PrioVR brings accurate, full-body motion control to games without a camera

[From Polygon; much more information including videos is available at PrioVR.com]

PrioVR at CES 2014

PrioVR brings accurate, full-body motion control to games without a camera

By Michael McWhertor on Jan 06, 2014

New gaming technology on display at CES frequently focuses on bridging the gap between virtual and physical reality. Unproven tech like VR headsets, force feedback vests and hands-free motion control are regularly on display, often in nascent, proof of concept form.

One of the more interesting attempts is PrioVR, a suit that enables full-body motion control in games without the use of a Kinect, glowing PlayStation Move wand or Razer Hydra-style base.

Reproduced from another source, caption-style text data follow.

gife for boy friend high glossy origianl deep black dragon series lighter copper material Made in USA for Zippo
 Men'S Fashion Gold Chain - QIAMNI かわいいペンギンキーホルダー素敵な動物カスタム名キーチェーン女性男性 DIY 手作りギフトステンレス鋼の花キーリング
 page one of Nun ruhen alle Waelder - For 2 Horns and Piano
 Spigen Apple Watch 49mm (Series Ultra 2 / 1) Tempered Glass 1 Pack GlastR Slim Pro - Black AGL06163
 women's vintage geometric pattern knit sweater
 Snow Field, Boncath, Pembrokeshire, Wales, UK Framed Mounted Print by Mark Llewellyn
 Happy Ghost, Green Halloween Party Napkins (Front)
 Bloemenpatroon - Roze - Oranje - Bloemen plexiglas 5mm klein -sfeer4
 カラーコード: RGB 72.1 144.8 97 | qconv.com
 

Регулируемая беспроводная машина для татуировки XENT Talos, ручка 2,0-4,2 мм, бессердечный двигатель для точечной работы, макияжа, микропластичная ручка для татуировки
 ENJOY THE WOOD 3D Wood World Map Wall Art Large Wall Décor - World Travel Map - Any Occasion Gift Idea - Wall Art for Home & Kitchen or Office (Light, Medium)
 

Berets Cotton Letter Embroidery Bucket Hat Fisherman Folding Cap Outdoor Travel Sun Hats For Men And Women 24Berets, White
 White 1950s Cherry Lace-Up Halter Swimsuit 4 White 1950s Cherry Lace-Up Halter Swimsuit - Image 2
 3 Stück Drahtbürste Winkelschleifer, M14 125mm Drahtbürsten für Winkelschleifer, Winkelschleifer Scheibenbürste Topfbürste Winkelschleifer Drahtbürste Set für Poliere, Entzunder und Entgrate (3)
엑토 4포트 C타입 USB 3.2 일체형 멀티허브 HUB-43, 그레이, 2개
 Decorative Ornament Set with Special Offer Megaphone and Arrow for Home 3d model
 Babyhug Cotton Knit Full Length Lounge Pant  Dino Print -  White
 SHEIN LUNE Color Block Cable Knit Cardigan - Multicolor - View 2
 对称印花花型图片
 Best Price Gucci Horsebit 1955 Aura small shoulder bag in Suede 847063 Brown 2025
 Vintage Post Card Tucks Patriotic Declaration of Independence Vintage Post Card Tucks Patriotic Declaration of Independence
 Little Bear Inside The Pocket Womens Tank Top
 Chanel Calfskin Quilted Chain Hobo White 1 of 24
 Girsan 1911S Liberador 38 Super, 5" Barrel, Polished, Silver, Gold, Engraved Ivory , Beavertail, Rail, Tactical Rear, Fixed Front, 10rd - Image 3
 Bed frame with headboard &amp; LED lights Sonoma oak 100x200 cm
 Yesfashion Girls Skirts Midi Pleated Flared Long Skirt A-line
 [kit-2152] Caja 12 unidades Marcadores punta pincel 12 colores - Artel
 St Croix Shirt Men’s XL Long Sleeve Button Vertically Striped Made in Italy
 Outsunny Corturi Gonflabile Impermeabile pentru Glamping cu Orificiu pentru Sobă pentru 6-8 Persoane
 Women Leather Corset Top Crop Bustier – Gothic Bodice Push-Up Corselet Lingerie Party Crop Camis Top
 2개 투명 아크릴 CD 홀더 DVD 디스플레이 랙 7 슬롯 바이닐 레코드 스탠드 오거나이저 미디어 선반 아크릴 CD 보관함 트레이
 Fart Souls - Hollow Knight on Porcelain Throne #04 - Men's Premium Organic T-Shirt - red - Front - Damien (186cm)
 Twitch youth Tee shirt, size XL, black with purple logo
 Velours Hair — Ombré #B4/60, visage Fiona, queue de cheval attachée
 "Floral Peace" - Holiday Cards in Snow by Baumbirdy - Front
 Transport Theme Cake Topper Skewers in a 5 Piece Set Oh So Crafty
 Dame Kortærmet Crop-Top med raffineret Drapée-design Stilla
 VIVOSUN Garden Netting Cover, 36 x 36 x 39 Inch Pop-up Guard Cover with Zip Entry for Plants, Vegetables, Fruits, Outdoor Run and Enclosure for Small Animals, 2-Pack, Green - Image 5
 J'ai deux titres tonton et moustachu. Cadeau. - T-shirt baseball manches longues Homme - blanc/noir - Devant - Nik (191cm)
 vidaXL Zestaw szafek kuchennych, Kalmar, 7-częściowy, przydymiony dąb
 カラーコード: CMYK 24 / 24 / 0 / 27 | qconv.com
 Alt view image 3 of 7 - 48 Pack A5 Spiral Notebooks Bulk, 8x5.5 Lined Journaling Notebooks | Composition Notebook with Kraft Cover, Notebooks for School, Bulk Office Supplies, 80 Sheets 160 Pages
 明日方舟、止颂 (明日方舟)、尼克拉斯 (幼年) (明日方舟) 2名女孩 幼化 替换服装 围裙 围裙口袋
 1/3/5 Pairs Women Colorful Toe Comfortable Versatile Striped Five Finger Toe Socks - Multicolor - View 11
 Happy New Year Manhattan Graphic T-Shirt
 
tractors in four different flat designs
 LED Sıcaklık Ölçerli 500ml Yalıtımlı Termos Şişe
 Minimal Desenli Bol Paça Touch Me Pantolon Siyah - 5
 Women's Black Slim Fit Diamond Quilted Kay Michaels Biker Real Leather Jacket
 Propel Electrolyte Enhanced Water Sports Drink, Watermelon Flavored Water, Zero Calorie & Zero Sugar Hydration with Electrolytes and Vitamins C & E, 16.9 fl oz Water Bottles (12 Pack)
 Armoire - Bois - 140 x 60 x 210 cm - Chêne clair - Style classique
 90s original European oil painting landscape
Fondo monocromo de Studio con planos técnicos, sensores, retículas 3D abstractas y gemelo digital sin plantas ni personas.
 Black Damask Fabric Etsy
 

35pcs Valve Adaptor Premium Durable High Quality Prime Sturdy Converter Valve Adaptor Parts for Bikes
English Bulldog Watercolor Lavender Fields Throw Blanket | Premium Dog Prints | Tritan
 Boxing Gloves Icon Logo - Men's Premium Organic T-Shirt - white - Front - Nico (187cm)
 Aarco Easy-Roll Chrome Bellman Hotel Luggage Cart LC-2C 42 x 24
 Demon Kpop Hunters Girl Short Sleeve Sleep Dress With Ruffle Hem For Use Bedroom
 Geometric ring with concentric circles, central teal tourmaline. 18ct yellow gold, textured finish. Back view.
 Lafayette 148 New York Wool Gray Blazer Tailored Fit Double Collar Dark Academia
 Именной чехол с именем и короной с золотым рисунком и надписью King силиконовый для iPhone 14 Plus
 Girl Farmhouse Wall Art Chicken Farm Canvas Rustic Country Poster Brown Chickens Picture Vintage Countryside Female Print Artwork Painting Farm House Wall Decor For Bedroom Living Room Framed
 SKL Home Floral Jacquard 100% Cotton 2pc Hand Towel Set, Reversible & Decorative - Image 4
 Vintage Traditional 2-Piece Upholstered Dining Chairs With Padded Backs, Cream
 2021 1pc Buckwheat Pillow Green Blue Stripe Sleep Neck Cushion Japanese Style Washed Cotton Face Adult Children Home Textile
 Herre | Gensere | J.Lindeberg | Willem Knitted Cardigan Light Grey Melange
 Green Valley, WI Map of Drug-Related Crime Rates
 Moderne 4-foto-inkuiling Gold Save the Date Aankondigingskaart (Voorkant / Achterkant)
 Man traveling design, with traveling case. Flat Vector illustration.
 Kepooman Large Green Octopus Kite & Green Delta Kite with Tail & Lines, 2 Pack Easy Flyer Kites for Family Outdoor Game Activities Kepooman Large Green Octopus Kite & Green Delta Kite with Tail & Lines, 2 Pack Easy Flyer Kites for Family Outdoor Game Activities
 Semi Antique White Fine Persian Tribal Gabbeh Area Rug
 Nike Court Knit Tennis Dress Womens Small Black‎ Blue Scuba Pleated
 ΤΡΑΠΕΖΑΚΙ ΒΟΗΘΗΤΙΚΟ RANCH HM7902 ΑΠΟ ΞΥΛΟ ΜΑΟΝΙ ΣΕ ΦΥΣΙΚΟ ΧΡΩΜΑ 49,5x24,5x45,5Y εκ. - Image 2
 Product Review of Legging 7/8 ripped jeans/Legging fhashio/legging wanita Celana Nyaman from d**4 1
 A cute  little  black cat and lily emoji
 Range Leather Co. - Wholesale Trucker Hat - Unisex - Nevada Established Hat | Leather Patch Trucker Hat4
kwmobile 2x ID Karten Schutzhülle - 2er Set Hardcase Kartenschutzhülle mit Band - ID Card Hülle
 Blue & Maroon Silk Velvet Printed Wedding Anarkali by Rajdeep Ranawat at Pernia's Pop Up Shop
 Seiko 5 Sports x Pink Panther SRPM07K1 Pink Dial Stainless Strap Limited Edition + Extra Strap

Instead of using a camera to track your position and movement, PrioVR relies on a series of inertial sensors worn on the head, torso, arms and — optionally — legs. PrioVR comes in three flavors: an upper body version that will cost less than $300 at retail, a full body version and a “pro” version with additional sensors that should come in at less than $400, the company says.

At CES, PrioVR developer YEI Technology was showcasing the upper body version, playing a custom, Unity-based first-person shooter. With a pair of Wii Nunchuk controllers in each hand, used for movement and shooting, the company showed how precise the PrioVR controller can be in certain circumstances. Sniping and precision aiming, for example, appeared to work well; there’s little to no jittering, making headshots easy to pull off.

Movement with the PrioVR, as seen onscreen in the demo game, looked somewhat disjointed and awkward, but the effect was still impressive. While arms and hands may have displayed at unnatural angles onscreen, the precision of aiming was there. And because the system doesn’t require line of sight to determine your movements, PrioVR [can] track movements like lying prone and rolling onto your back to fire from a downed position. That kind of movement requires the full body version of the rig, naturally, but could lend games that support the feature a greater sense of immersion.

The developer plans to show its motion control system at CES this week in tandem with an Oculus Rift VR headset. The company is planning to target PC gaming first, but is not ruling out console support.

YEI Technology tried unsuccessfully last October to crowdfund the PrioVR developer kit through Kickstarter. While that fundraising effort fell through, the company is giving it another shot. A second Kickstarter attempt will kick off in February, with the commercial version of the controller expected to ship sometime this summer.